Rechtsphilosophie: Ein böses Wort zum Wahlsonntag

von Martin Rath

22.09.2013

2/2: Hegel gegen die Wahlverdrossenheit

Zu den angenehmen Eigenschaften eines Wahlsonntags zählt zwar, dass die Vertreter der Auffassung, der Staat sei eine ungerechte Räuber-Veranstaltung, spätestens gegen 18 Uhr damit aufhören, diese These als Rechtfertigung dafür zu gebrauchen, dass sie im Laufe des Tages keinen Zettel in eine Urne geworfen haben.

Man könnte also die Laienanhänger der Staatslehre des heiligen Augustinus bei ihrer Meinung lassen, weil sie sich in den vier Jahren zwischen den Wahlen meist nicht zu Wort melden.

Gegen die Toleranz des Staatsvolks im Allgemeinen gegenüber den Nichtwählern im Besonderen spricht ein Gedankengang von Georg Wilhelm Friedrich Hegel (1770-1831). In seinen rechtsphilosophischen Vorlesungen befasste sich Hegel eingehend mit dem Phänomen des "Pöbels". Weil Hegel, weniger als Schwabe denn als Philosoph zu den eher unverständlichen Geistern zählt, nimmt man gerne eine Schrift von Frank Ruda zur Hand, "Hegels Pöbel. Eine Untersuchung der ‚Grundlinien der Philosophie des Rechts‘" (Konstanz, 2011).

Selbstverständlich war es Hegel, der 1831 vielleicht an der Cholera, vielleicht an einer Alkoholgastritis verstarb, noch nicht möglich, Nichtwähler unter dem Begriff des "Pöbels" zu subsumieren. Wahlen konnte der König von Preußen seinerzeit noch gar nicht leiden. Doch was der Berliner Philosophiedozent Ruda über Hegels Pöbel schreibt, das passt ganz gut zur Analogiebildung:  Hegels "Pöbel", das seien nicht Menschen, die einfach nur arm sind, die ihre Bedürfnisse also nicht aus Mitteln eigener Arbeit befriedigen können, zum "Pöbel" qualifiziere sich der Arme erst, wenn er sich damit abfinde, von der Leistung anderer zu leben.

Nichtwähler als "politischer Pöbel"

Aber Vorsicht, das geht noch weiter! Schon bei Hegel ging es nicht allein gegen jene armen Leute, die sich mit einem "arm, aber sexy" abfanden. Der Rechtsphilosoph entdeckte auch einen "reichen Pöbel", der sich aus Menschen rekrutiert, die statt von Arbeit vom bloßen Zufall leben – den Spielern. Hegel hätte es vermutlich gar nicht gefallen, dass im Jahr 2002 spekulative Börsengeschäfte legalisiert wurden, die von den Vätern des Bürgerlichen Gesetzbuchs noch als Spiel betrachtet wurden. Hierzulande hat das diesen "Pöbel" seit 2002 wohl stark vermehrt.

Kurz, es gibt rechtsphilosophisch einen materiell armen ebenso wie einen reichen Pöbel. Was sie gemeinsam haben, ist die Gesinnung, an einem zentralen Prozess der Gesellschaft nicht teilnehmen zu wollen. Gesinnung ist die tief ins Verhalten, wenn nicht den Charakter eingefleischte Haltung.
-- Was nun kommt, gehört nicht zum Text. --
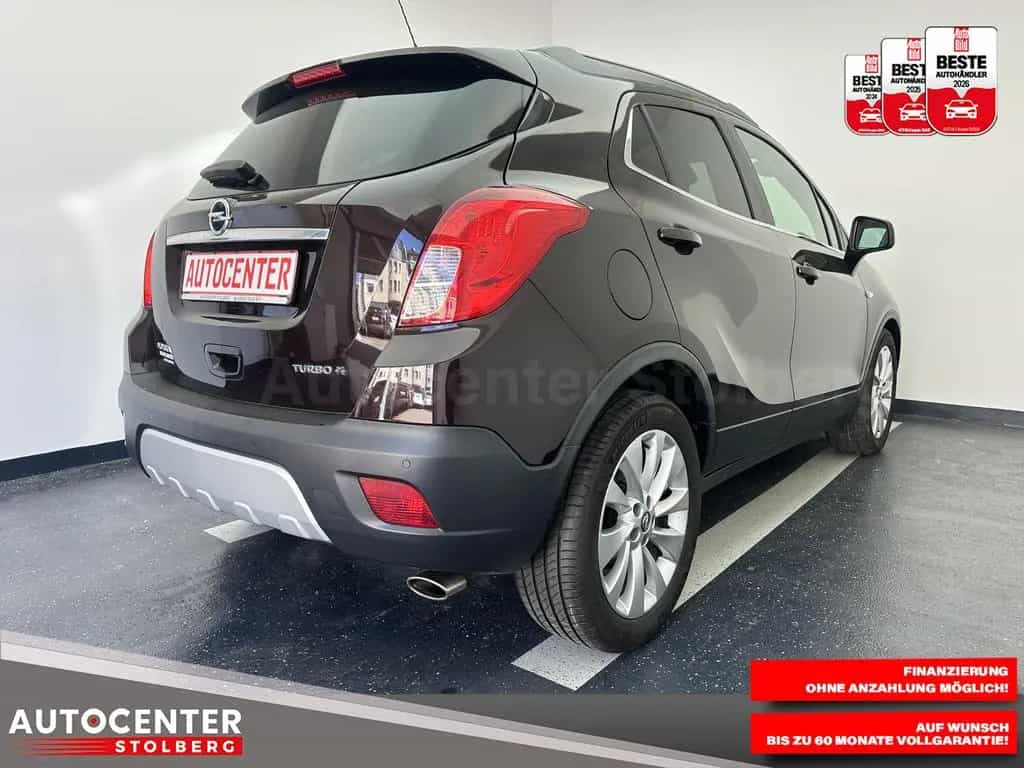 Opel Mokka Innovation ecoFlex 4x4 "1 HAND-MULTI-PDC" 04/2016-photo-5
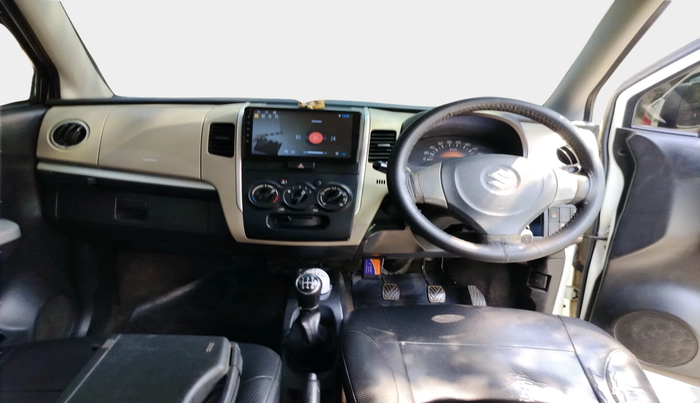 2016 Maruti Wagon R 1.0 LXI CNG, CNG, Manual, 66,565 km, interior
Hier könnte man mit der Analogie ansetzen. Es mag sein, dass Hegel, der als preußischer Professor zu den ersten schwäbischen Immigranten im modernen Berlin zählte, heute nicht mehr die allererste Quelle rechtsphilosophischer oder staatsrechtlicher Begriffsbildung ist. Materielle Armut zu denunzieren, das wird man nicht wollen.
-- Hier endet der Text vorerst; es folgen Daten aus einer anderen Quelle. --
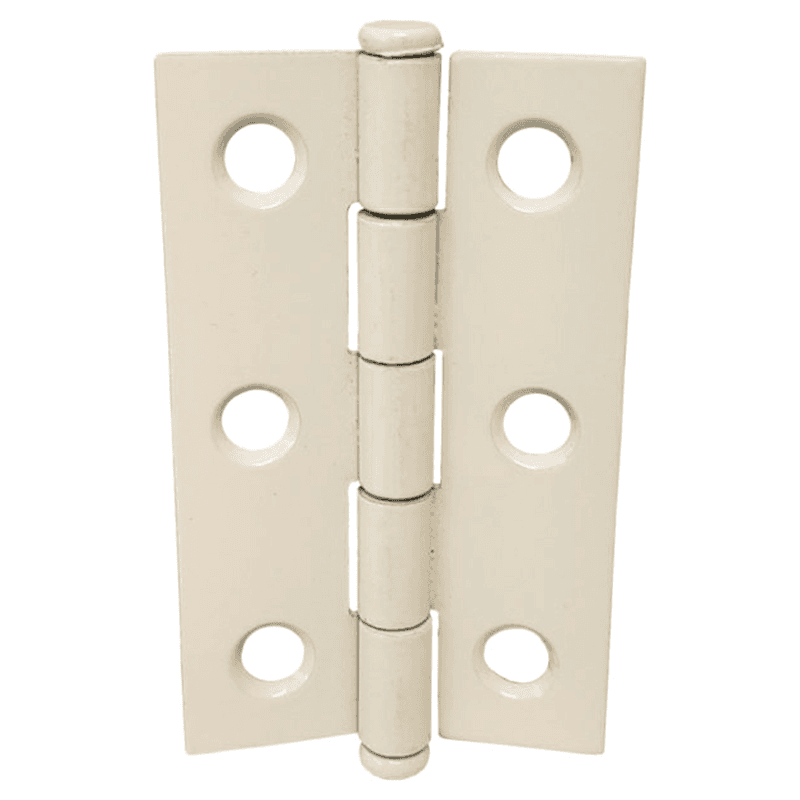 H123 Shutter Butt Hinge with Loose Pin, Almond - Main Image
Aber wäre es nicht ein Beitrag zur sprachlichen Klarheit, würde man die Nichtwählerinnen und Nichtwähler – statt stets nur den "Legitimationsverlust" der Wahlen zu beklagen und die Wahlverweigerung damit als soziologische Gegebenheit hinzunehmen – als "politischen Pöbel" bezeichnen? Wenn nicht in der Sprache des Gesetzes, so doch in jener der philosophischen Staatslehre?
Leider ist es ja eher unwahrscheinlich, dass sich ein solches Sprachspiel durchsetzt. Dabei würden die Eltern-Kind-Fragespiele zum merkwürdigen Ritual an Wahlsonntagen wirklich interessant:

"Du hast gewählt. Bist du zufrieden?"

"Ja."

"Warum?"

"Ich bin zur Wahl gegangen."

Der Autor Martin Rath arbeitet als freier Journalist und Lektor in Köln.